Records drawn from a dataset
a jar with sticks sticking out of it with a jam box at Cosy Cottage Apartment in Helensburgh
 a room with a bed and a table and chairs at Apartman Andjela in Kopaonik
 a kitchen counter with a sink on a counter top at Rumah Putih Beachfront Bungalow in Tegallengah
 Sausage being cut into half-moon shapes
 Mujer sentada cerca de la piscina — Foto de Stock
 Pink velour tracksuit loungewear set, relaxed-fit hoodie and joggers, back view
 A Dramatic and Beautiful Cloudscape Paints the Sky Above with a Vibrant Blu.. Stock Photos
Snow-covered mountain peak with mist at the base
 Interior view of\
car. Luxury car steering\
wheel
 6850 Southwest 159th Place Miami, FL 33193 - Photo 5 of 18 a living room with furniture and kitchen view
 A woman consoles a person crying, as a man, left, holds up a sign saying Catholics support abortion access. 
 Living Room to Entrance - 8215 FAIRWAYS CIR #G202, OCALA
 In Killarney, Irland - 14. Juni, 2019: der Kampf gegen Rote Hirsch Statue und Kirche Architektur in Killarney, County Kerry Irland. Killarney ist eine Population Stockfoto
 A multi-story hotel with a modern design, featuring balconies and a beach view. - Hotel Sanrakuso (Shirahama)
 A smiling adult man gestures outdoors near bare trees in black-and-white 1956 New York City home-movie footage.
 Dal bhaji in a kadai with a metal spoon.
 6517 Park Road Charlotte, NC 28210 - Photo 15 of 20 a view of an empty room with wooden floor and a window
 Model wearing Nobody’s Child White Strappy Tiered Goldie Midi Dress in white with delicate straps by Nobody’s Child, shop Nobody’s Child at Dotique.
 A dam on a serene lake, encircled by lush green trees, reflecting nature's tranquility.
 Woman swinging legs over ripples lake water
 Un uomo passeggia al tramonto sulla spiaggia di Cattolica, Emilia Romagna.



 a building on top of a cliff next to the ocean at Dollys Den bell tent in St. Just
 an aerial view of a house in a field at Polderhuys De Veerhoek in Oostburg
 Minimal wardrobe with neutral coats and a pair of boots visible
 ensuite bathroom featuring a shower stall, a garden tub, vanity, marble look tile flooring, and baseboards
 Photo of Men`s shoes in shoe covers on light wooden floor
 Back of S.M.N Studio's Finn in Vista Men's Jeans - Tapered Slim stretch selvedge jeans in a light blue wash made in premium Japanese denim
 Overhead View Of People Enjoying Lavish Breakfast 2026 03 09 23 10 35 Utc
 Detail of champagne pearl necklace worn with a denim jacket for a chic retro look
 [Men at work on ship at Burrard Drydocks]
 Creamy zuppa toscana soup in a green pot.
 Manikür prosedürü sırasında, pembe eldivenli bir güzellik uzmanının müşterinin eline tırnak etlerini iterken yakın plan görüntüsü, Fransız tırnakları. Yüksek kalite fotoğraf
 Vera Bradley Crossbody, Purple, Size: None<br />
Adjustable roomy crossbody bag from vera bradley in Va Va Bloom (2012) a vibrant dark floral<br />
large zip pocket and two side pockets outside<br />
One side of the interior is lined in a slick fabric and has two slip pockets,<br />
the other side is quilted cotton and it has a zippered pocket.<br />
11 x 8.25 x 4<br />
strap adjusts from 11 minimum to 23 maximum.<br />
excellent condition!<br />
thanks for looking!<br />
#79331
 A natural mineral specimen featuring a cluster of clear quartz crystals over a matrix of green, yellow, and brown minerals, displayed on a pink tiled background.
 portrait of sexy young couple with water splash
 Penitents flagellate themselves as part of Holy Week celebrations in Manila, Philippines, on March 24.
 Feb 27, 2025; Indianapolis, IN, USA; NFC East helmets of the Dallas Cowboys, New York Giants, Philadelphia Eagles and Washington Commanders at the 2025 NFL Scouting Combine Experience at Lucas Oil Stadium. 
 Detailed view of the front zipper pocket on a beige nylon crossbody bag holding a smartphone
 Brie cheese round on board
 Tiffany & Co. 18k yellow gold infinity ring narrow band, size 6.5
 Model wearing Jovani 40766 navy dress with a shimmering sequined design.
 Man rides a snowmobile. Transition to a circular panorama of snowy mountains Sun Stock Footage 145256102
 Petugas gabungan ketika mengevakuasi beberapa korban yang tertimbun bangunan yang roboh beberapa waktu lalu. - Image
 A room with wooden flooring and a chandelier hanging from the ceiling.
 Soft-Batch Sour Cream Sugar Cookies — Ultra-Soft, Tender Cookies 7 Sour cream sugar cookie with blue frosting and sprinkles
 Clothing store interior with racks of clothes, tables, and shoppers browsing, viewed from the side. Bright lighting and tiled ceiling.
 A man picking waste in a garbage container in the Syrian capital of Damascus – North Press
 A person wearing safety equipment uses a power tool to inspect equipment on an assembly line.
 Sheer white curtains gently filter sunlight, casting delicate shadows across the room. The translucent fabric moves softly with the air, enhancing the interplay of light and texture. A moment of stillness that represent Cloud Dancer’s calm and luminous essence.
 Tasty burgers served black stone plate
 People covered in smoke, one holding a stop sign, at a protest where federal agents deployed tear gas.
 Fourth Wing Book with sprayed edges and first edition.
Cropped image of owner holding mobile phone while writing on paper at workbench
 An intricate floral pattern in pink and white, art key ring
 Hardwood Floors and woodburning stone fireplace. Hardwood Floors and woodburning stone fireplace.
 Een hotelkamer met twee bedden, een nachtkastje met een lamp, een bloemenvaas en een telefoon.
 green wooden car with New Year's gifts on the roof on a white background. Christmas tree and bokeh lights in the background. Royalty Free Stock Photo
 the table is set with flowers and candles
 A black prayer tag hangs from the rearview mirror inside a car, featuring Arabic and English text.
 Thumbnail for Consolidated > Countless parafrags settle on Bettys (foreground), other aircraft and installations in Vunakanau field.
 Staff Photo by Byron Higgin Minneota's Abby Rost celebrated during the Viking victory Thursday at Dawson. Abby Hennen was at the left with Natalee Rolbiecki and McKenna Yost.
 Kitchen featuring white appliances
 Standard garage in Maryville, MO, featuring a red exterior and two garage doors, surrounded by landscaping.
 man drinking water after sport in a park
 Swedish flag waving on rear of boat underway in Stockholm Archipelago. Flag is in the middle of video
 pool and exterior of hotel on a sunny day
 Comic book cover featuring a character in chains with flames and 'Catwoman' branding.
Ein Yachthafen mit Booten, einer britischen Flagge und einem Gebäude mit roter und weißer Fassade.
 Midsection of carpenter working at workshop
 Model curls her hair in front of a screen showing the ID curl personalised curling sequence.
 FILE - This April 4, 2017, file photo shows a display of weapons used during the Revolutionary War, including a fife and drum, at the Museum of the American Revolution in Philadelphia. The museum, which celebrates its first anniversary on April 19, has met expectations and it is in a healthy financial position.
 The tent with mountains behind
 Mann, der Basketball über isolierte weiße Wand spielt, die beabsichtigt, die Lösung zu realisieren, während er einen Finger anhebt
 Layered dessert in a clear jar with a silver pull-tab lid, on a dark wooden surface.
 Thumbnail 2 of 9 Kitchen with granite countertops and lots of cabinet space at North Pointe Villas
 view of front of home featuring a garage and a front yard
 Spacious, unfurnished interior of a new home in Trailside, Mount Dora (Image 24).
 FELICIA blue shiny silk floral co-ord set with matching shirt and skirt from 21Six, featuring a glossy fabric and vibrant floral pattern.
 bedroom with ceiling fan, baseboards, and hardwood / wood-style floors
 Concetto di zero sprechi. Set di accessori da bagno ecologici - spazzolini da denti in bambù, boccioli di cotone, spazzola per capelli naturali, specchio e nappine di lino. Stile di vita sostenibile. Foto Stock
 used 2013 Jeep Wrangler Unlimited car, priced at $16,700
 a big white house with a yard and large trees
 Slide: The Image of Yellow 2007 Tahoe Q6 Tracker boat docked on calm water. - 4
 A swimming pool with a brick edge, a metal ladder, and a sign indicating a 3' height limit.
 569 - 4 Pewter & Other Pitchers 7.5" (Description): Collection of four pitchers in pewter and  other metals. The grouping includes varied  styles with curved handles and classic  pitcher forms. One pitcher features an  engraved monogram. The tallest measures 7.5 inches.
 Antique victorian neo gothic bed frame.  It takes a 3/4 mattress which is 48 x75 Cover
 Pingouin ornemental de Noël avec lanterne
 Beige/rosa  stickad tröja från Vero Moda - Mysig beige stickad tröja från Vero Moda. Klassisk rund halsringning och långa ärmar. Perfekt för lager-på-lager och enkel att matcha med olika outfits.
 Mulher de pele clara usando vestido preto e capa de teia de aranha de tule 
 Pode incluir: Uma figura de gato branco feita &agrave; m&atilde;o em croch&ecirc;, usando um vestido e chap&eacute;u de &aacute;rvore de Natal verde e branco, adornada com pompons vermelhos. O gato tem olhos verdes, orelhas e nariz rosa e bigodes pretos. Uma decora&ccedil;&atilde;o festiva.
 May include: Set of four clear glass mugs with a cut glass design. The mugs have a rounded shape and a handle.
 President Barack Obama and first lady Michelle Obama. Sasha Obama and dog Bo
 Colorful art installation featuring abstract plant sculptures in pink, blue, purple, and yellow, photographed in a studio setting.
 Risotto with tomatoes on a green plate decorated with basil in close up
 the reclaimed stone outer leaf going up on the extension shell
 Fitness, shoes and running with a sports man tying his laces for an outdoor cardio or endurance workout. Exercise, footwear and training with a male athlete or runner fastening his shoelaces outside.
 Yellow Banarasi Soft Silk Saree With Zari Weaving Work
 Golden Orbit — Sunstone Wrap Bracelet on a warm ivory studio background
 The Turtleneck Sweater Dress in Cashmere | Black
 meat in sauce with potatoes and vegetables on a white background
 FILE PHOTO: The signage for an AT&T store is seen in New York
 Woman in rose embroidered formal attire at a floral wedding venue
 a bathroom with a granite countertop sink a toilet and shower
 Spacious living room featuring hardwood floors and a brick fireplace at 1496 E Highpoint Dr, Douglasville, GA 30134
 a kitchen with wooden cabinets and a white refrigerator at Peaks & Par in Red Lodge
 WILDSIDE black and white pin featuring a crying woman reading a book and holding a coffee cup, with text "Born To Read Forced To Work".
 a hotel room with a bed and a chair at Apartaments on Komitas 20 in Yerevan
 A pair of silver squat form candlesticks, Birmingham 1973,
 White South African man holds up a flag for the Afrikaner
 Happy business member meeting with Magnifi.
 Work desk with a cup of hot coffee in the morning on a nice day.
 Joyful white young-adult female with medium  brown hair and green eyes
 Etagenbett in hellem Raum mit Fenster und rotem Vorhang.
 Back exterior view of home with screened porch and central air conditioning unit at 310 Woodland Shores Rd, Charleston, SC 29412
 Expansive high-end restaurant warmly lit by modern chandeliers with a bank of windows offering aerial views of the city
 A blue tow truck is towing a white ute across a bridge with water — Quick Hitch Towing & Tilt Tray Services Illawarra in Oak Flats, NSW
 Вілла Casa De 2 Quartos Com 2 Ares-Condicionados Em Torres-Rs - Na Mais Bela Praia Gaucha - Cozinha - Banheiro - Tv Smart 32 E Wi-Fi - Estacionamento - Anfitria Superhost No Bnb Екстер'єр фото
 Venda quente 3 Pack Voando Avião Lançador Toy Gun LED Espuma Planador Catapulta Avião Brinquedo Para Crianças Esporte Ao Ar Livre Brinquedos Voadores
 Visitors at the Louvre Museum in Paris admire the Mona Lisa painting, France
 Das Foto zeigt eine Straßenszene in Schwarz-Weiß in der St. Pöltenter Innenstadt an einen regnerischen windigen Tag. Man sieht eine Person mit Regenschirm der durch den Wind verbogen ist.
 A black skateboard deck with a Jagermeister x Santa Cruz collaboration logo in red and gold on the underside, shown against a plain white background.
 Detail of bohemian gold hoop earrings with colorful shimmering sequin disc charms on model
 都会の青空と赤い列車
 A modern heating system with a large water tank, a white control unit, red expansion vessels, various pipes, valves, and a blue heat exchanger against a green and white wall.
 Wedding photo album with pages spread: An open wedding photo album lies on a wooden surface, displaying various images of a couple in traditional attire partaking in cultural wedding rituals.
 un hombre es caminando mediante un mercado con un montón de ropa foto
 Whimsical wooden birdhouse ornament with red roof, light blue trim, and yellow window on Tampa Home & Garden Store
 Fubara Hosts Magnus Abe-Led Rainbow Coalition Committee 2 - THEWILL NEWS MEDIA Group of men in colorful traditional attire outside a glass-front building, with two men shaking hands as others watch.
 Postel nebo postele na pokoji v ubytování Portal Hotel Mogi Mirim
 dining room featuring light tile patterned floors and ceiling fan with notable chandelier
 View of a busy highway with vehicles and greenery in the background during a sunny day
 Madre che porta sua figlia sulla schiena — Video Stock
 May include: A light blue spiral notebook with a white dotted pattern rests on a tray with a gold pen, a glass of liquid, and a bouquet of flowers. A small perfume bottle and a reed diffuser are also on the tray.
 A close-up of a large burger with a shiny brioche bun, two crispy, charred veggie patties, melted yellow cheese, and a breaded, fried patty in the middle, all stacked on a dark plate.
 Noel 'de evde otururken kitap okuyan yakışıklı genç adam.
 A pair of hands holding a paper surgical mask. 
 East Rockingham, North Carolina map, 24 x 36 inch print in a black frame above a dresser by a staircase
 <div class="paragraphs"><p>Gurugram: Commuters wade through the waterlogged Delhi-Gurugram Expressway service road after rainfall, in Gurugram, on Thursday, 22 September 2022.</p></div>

§ Description of the task
Above are records; repeat only the lines starting at the line with "Visitors at the" and ending at the line with "A close-up of", exactly as they appear, both included.

§ Written answer
 Visitors at the Louvre Museum in Paris admire the Mona Lisa painting, France
 Das Foto zeigt eine Straßenszene in Schwarz-Weiß in der St. Pöltenter Innenstadt an einen regnerischen windigen Tag. Man sieht eine Person mit Regenschirm der durch den Wind verbogen ist.
 A black skateboard deck with a Jagermeister x Santa Cruz collaboration logo in red and gold on the underside, shown against a plain white background.
 Detail of bohemian gold hoop earrings with colorful shimmering sequin disc charms on model
 都会の青空と赤い列車
 A modern heating system with a large water tank, a white control unit, red expansion vessels, various pipes, valves, and a blue heat exchanger against a green and white wall.
 Wedding photo album with pages spread: An open wedding photo album lies on a wooden surface, displaying various images of a couple in traditional attire partaking in cultural wedding rituals.
 un hombre es caminando mediante un mercado con un montón de ropa foto
 Whimsical wooden birdhouse ornament with red roof, light blue trim, and yellow window on Tampa Home & Garden Store
 Fubara Hosts Magnus Abe-Led Rainbow Coalition Committee 2 - THEWILL NEWS MEDIA Group of men in colorful traditional attire outside a glass-front building, with two men shaking hands as others watch.
 Postel nebo postele na pokoji v ubytování Portal Hotel Mogi Mirim
 dining room featuring light tile patterned floors and ceiling fan with notable chandelier
 View of a busy highway with vehicles and greenery in the background during a sunny day
 Madre che porta sua figlia sulla schiena — Video Stock
 May include: A light blue spiral notebook with a white dotted pattern rests on a tray with a gold pen, a glass of liquid, and a bouquet of flowers. A small perfume bottle and a reed diffuser are also on the tray.
 A close-up of a large burger with a shiny brioche bun, two crispy, charred veggie patties, melted yellow cheese, and a breaded, fried patty in the middle, all stacked on a dark plate.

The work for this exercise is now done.